Uh oh.
Before you go much farther with the front section you have shown there, decide if you are going to try to make your own front suspension, or if you are going to buy it from Jack McCornack. I'd really suggest the latter, unless you have major suspension experience, like maybe FSAE...
If you are going to buy it from Jack, then you may want to rebuild that, and angle the side tubes (LA and LB, I believe). I didn't do that, and mounting the front suspension was a real pain in the ass.

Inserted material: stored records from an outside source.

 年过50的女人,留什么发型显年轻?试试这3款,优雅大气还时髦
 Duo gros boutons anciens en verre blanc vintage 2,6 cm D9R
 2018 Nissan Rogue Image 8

http://www.kineticvehicles.com/ControlArms.html
There's his page on the suspension and there are pictures of his suspension on my car there. Towards the bottom you can see where I had to use two-piece brackets for the rod-ends, whereas if you mounted LA, LB, FU1 and FU1, you would be able to use normal brackets and save considerable time.

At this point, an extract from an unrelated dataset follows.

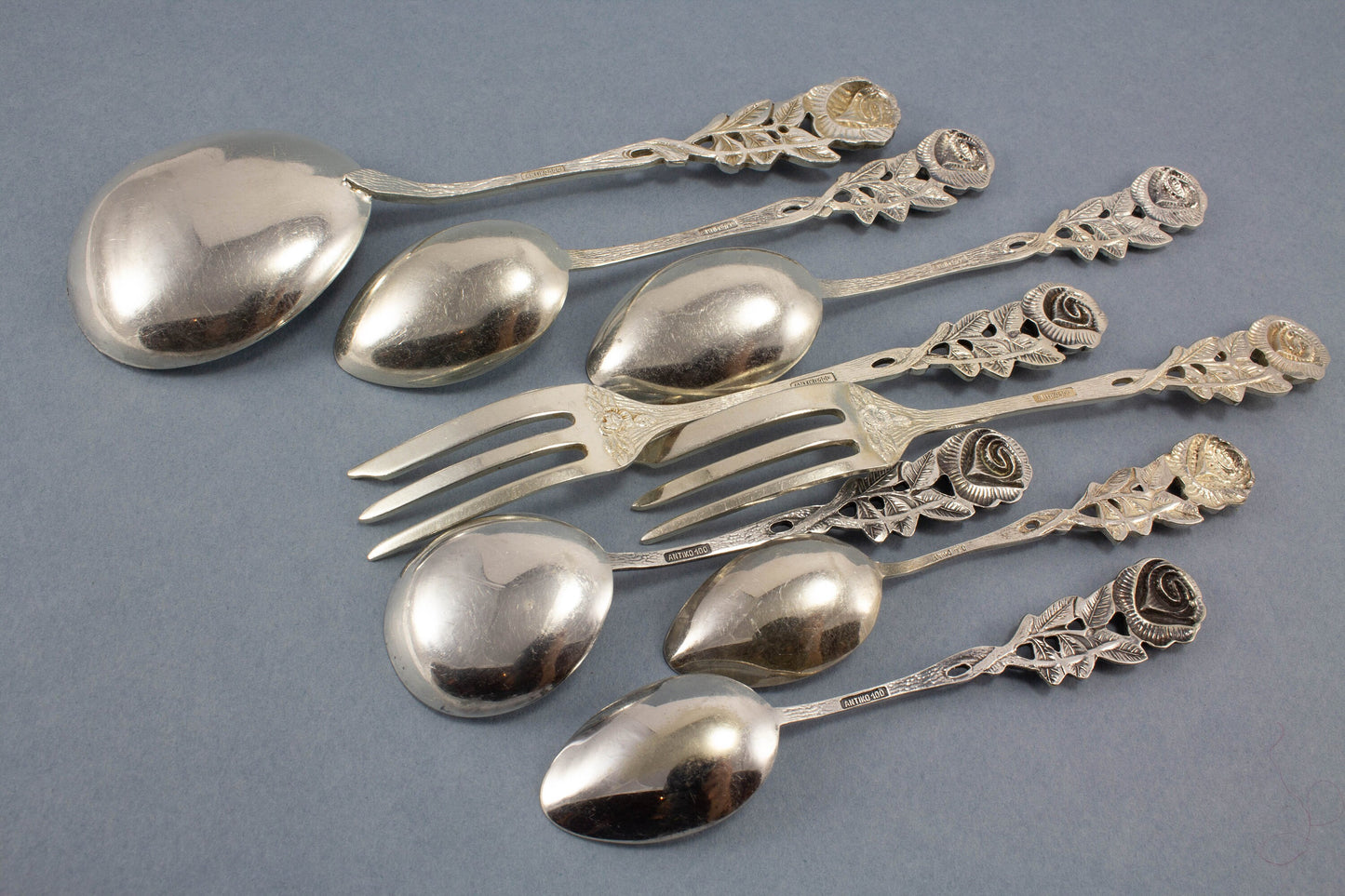 Rosen-Besteckset für Zwei, Antiko 100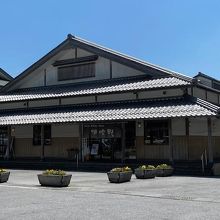 お蕎麦屋さんの伊吹野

Other areas you might want to consider, if using the original "book" frame, or the McSorley frames (much more accurate than the book--my frame's a few millimeters short due to discrepencies in the book), are the engine bay and, of course, the rear end from the back bulkhead on back.
I'd wait on making the engine bay tubing until you have the donor engine available. I made mine way too wide, figuring mine'd be wider than the book considerably, since it's a bigger engine... and that costed a lot of time and effort to get it to work. On the other hand, if you stick with the book engine bay, you may end up with your engine sitting higher than mine.
And then, of course, there's the transmission tunnel, but that's usually the last part to complete, or at least, it was for me. I still haven't finished the tunnel--I want to make a second driveshaft loop towards the front in case of losing the driveshaft.